De la muralla del siglo XIV subsisten dos torres y un vestigio. En la torre más conspicua, la de la Babote, se instaló en el siglo XVIII el Observatorio astronómico de la Academia de Ciencias. La otra torre, la de los Pinos, en el entorno de la catedral, guarda los Archivos de la ciudad. El antiguo convento de las Ursulinas, luego habilitado como prisión, alberga hoy el complejo “Ágora”, un Centro coreográfico y Escuela Internacional de Danza. La iglesia de Santa Ana, cuya aguja es visible por encima de los techos de todo el núcleo antiguo, ha sido desacralizada y convertida en sede de exposiciones y muestras artísticas.

Montpellier ha reconvertido su historia monumental en ciencia, en lugar de arrasarla como tantos otros lugares.

El otro vestigio de la muralla que he mencionado era desconocido para nosotros, pero está situado al lado del apartamento que hemos alquilado para la ocasión. En el sector de la Pila Saint-Gely descubrieron en 1998 un arco de la puerta de la ciudad del lado nordeste, y vestigios de una capilla. Aquello queda ahora en el entorno del Corum, un gran edificio moderno (1988) que incluye una Ópera, un Palacio de Congresos y varios espacios para convenciones y exposiciones.

En el Palacio de Justicia, vimos que habían cubierto con un lienzo negro la estatua de la Justicia. Eran los Avocats en Colère. No averiguamos el fondo de su reivindicación, pero las pancartas ─en letras blancas sobre fondo negro─ eran significativas: «¿Quién para defender vuestros derechos?» «Sin abogado, no hay derecho.»

Carmen y yo habíamos visitado por última vez Montpellier el año 91, cuando asistimos a la boda de un primo madrileño que se casó con una chica de Saint-Jean de Védas. Fue una bonita boda, en el Hôtel de Ville, con un alcalde socialista de apellido español oficiando la ceremonia.

La visita de ahora ha tenido lugar veintinueve años después, y casi todos nuestros puntos de referencia anteriores se han desvanecido: el hotel en el que nos alojamos ya no existe, tampoco los restaurantes a los que solíamos ir. Pero hemos encontrado una ciudad reconocible, asiento de una burguesía próspera y autosatisfecha, que mantiene un crecimiento demográfico notable y se ha preocupado tanto por mantener lo antiguo como por explorar lo nuevo en busca de otros retos con los que reafirmar su presencia en el mundo.

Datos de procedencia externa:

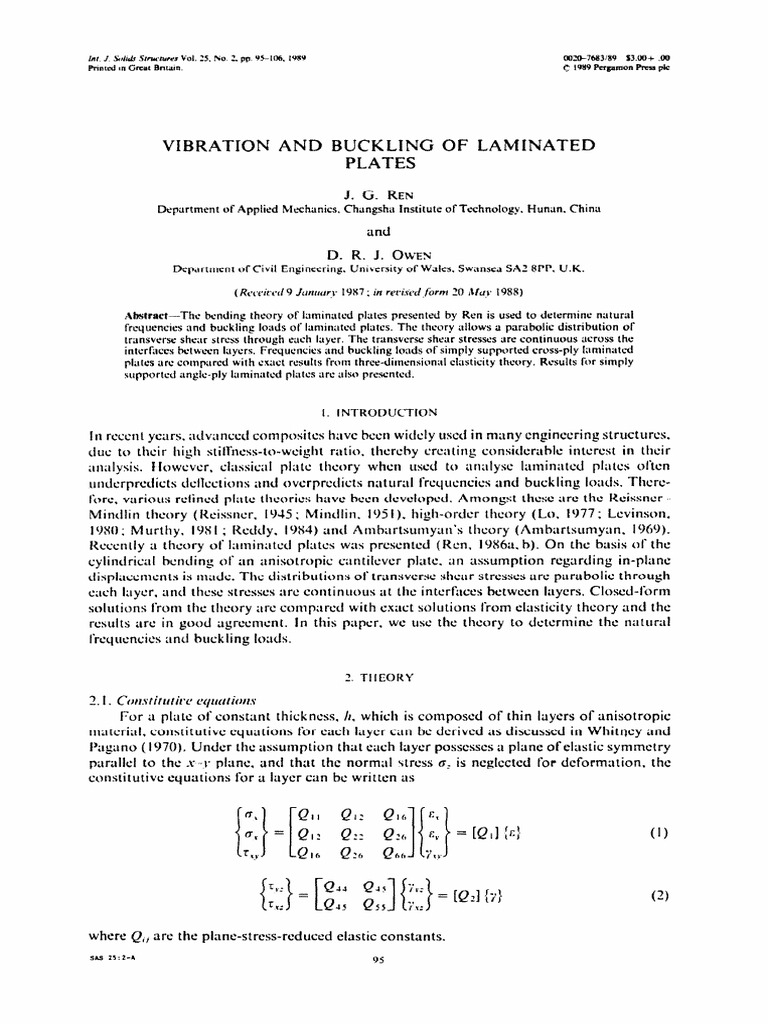 Vibration and Buckling of Laminated Plates | PDF | Bending | Buckling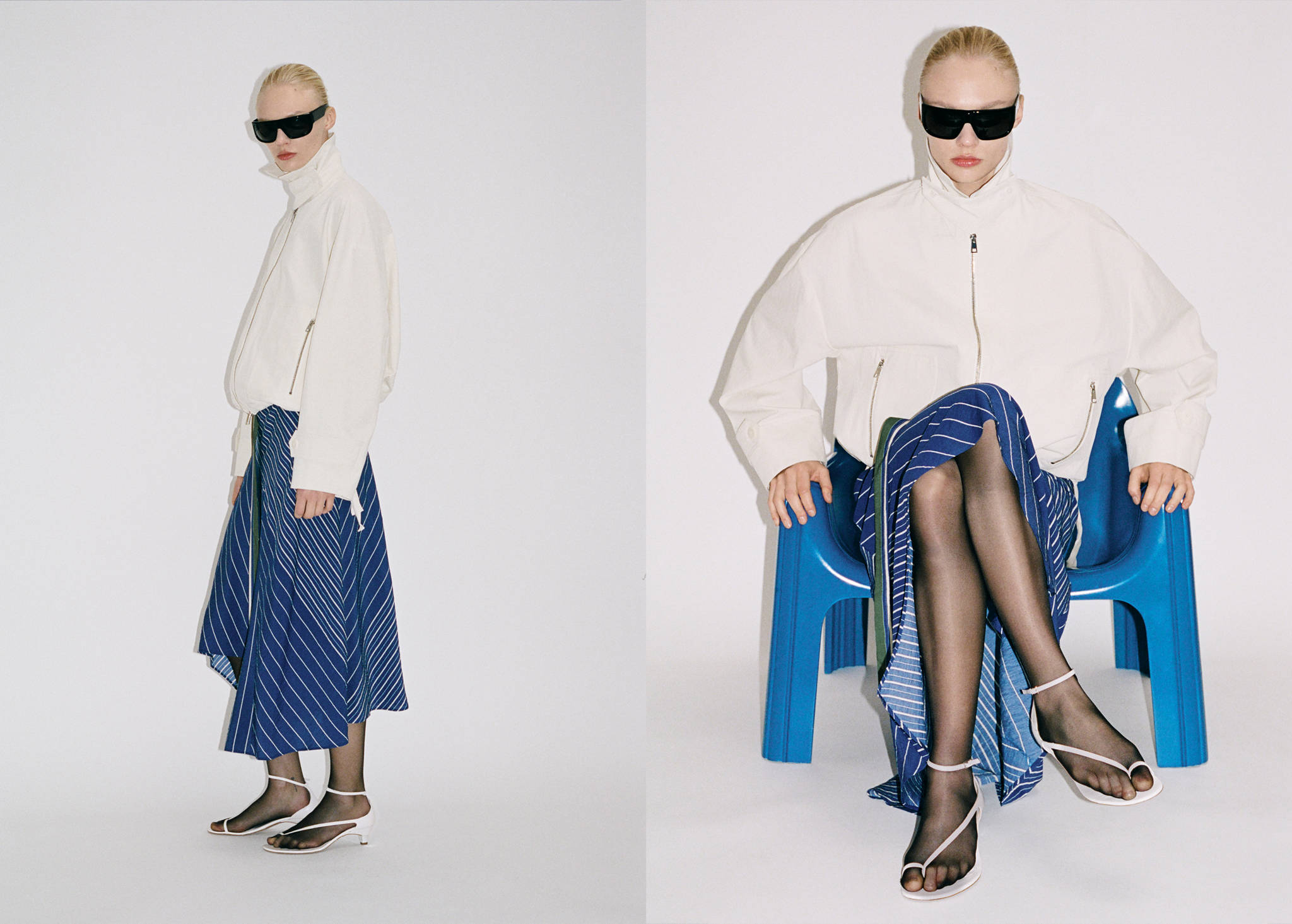 Striped midi-skirt with belt - Panoramic plane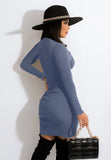 Winter Rib Zippers Slit Long Sleeve Bodycon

1 «En un viejo país ineficiente, / algo así como España entre dos guerras / civiles, en un pueblo junto al mar, / poseer una casa y poca hacienda / y memoria ninguna. No leer, / no sufrir, no escribir, no pagar cuentas, / y vivir como un noble arruinado / entre las ruinas de mi inteligencia.» Jaime Gil de Biedma, De vita beata, en “Poemas póstumos”, 1968.